Hingga April, CPO bersertifikat mencapai 1,2 juta ton



JAKARTA. Produsen minyak sawit mentah alias crude palm oil (CPO) Indonesia terus memproses sertifikasi berkelanjutan atau Certified Sustainable Palm Oil (CSPO) agar CPO kita dapat diterima oleh pasar ekspor. Data Roundtable on Sustainable Palm Oil (RSPO) menunjukkan, CPO yang telah mengantongi CSPO sepanjang Januari-April 2011 mencapai 1,2 juta ton. Jumlah ini jauh melebihi CSPO sepanjang tahun 2010 yang hanya 800.000 ton.

Desi Kusumadewi, Direktur RSPO Indonesia, mengungkapkan, peningkatan produksi itu seiring dengan semakin banyaknya perusahaan dan pekebun rakyat (smallholder) yang semakin sadar pentingnya pelestarian lingkungan.

Pada tahun 2009, dari 51 perusahaan Indonesia yang tergabung di RSPO, baru tiga perusahaan yang mendapat CSPO, yakni Grup Musim Mas, Grup Hindoli, dan Grup London Sumatera. Namun tahun lalu, jumlah ini melejit menjadi 15 perusahaan.


Tren kenaikan ini berlanjut di tahun 2011. "Hingga April kemarin, perusahaan yang sudah mendapat CSPO sebanyak 22 perusahaan," ujar Dewi, Kamis (19/5). Jumlah ini diprediksi akan terus meningkat.
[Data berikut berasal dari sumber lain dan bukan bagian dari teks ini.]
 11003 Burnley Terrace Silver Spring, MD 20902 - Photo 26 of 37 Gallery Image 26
Pasalnya, hingga saat ini ada 23 perusahaan yang sudah mengajukan CSPO.

RSPO sudah mengaudit beberapa di antara perusahaan itu. Sementara beberapa perusahaan lainnya, baru akan diaudit dalam waktu dekat. Semakin banyaknya perusahaan yang mengantongi sertifikasi inilah yang membuat produksi CSPO meningkat.
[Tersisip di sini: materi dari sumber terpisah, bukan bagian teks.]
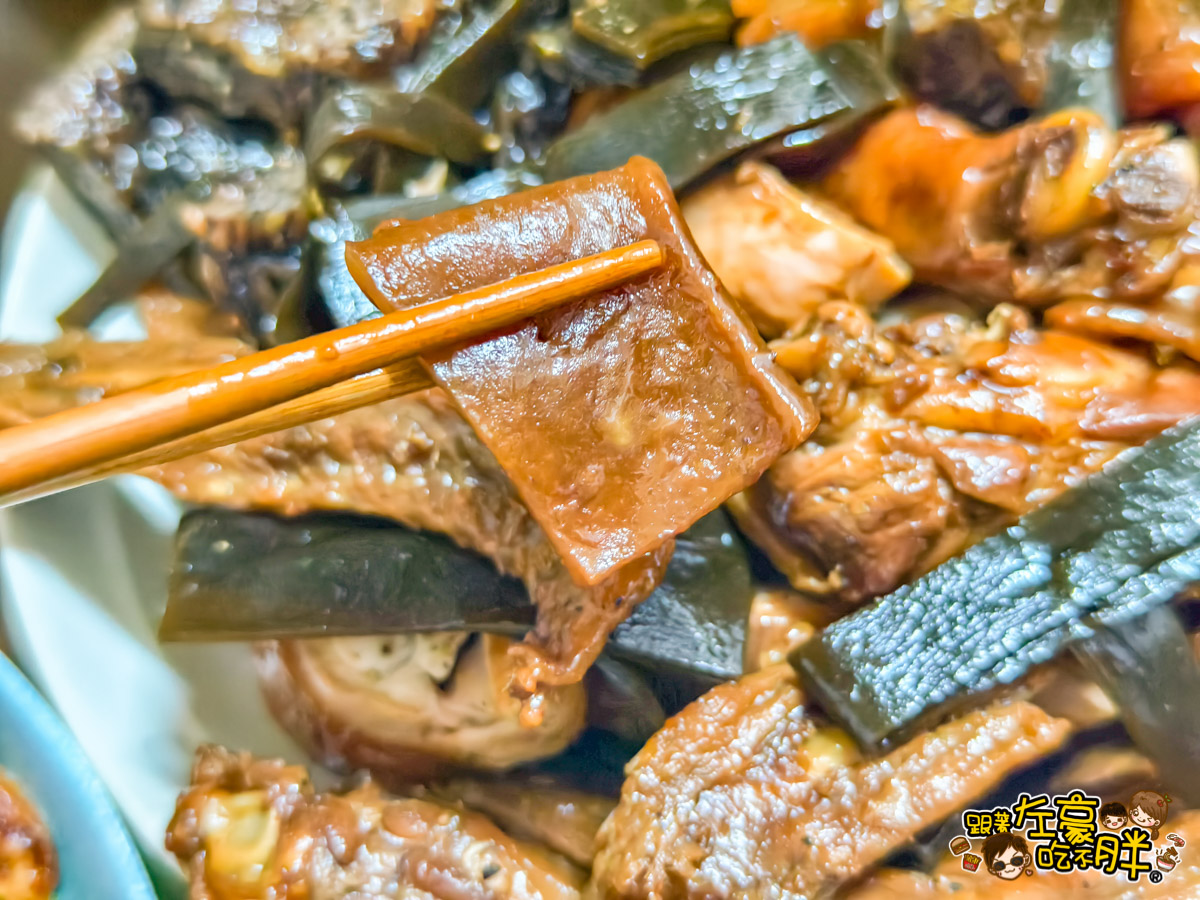 七老爺滷味,七老爺滷味紅中燒雞,滷味推薦,米血,雞肉,高雄滷味,高雄美食,高雄鳳山美食,鳳山美食,鳳西市場,鴨翅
Darrel Webber, Sekretaris Jenderal RSPO, menambahkan, popularitas CSPO memang terus meningkat. Awalnya, sertifikasi ini booming ketika konsumen Eropa menuntut CPO yang diekspor ke wilayah tersebut berasal dari kebun yang menjaga kelestarian lingkungan.

Praktis, tanpa mengantongi sertifikat, konsumen Eropa enggan menerima ekspor CPO tersebut. Berawal dari tuntutan tersebut, kini pamor CSPO kian melambung seiring dengan makin bertambahnya perusahaan yang sadar akan keberlanjutan lingkungan.
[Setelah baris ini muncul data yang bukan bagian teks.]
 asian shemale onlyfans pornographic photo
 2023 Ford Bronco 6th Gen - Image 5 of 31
Semakin populernya sertifikasi ini juga terlihat dari penjualan CSPO yang meningkat dari tahun ke tahun. Menurut Darrel, pada tahun 2009, penjualan CSPO hanya sekitar 26% dari total produksi CSPO dunia yang sekitar 3 juta ton. "Tahun lalu, penjualan ini membumbung menjadi 56%," jelasnya.

Untuk meningkatkan kesadaran lingkungan, sertifikasi CSPO kini tak hanya ditujukan untuk perusahaan besar, tapi juga smallholder. Pekebun rakyat ini dapat mengajukan aplikasi bersama kelompok pekebun di wilayahnya. "Sudah ada sekitar 3.500 petani di Indonesia yang sudah dapat CSPO," tutur Desi.

Menurutnya, dana dan teknik berkebun masih menjadi kendala smallholder untuk mengantongi sertifikat. Meski begitu, RSPO akan terus mengedukasi pekebun kecil. Maklum, mereka menguasai sekitar 45% lahan perkebunan sawit nasional yang mencapai 7,5 juta hektare (ha).

Menanggapi hal ini, Sekretaris Jenderal Asosiasi Petani Kelapa Sawit Indonesia (Apkasindo) Asmar Arsyad mengatakan, petani kelapa sawit sebenarnya ingin mendapatkan sertifikat CSPO. Namun, para petani keberatan dengan biaya sertifikasi yang terlalu tinggi, yaitu US$ 40 per ha.

Para petani juga keberatan dengan beberapa persyaratan RSPO, misalnya tidak boleh menanam sawit dalam jarak 100 meter dari sungai. "Lahan bisa berkurang karena biasanya kami hanya memiliki lahan sedikit, sekitar 1 ha-2 ha," ungkap Asmar.